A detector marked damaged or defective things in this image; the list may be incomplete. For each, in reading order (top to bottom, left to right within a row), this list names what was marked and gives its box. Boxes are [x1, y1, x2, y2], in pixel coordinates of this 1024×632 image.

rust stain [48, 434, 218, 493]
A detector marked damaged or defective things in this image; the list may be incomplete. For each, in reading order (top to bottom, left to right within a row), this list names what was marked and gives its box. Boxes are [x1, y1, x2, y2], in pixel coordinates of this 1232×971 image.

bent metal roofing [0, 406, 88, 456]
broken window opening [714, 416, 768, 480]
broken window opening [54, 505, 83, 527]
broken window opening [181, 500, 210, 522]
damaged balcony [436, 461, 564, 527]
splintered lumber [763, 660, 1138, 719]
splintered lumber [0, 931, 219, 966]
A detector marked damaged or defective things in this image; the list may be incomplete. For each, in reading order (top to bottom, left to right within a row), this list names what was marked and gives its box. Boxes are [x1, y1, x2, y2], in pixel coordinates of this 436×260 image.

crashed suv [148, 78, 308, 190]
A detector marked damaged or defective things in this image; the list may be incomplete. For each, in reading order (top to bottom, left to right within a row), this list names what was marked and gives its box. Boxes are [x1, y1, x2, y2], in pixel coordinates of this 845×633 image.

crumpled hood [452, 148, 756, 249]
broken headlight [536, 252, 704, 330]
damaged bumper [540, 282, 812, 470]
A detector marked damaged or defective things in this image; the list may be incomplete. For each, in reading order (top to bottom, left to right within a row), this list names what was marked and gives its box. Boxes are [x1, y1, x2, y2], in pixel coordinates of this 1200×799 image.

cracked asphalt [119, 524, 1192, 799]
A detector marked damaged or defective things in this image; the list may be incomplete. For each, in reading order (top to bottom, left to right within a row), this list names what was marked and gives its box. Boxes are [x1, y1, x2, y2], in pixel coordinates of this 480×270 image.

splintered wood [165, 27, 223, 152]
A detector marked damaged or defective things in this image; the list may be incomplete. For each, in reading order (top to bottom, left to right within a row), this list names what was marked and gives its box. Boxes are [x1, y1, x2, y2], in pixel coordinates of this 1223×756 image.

*ABOUT THIS TASK*
Only the lines from the one with "this 436×260 image." through the last line of the records belong in the answer, each copied exactly.

*EXERCISE RESULT*
A detector marked damaged or defective things in this image; the list may be incomplete. For each, in reading order (top to bottom, left to right within a row), this list names what was marked and gives its box. Boxes are [x1, y1, x2, y2], in pixel coordinates of this 436×260 image.

crashed suv [148, 78, 308, 190]
A detector marked damaged or defective things in this image; the list may be incomplete. For each, in reading order (top to bottom, left to right within a row), this list names what was marked and gives its box. Boxes are [x1, y1, x2, y2], in pixel coordinates of this 845×633 image.

crumpled hood [452, 148, 756, 249]
broken headlight [536, 252, 704, 330]
damaged bumper [540, 282, 812, 470]
A detector marked damaged or defective things in this image; the list may be incomplete. For each, in reading order (top to bottom, left to right within a row), this list names what was marked and gives its box. Boxes are [x1, y1, x2, y2], in pixel coordinates of this 1200×799 image.

cracked asphalt [119, 524, 1192, 799]
A detector marked damaged or defective things in this image; the list may be incomplete. For each, in reading order (top to bottom, left to right within a row), this list names what was marked and gives its box. Boxes are [x1, y1, x2, y2], in pixel coordinates of this 480×270 image.

splintered wood [165, 27, 223, 152]
A detector marked damaged or defective things in this image; the list may be incomplete. For each, in reading order (top to bottom, left to right within a row), this list names what was marked and gives its box. Boxes are [x1, y1, x2, y2], in pixel coordinates of this 1223×756 image.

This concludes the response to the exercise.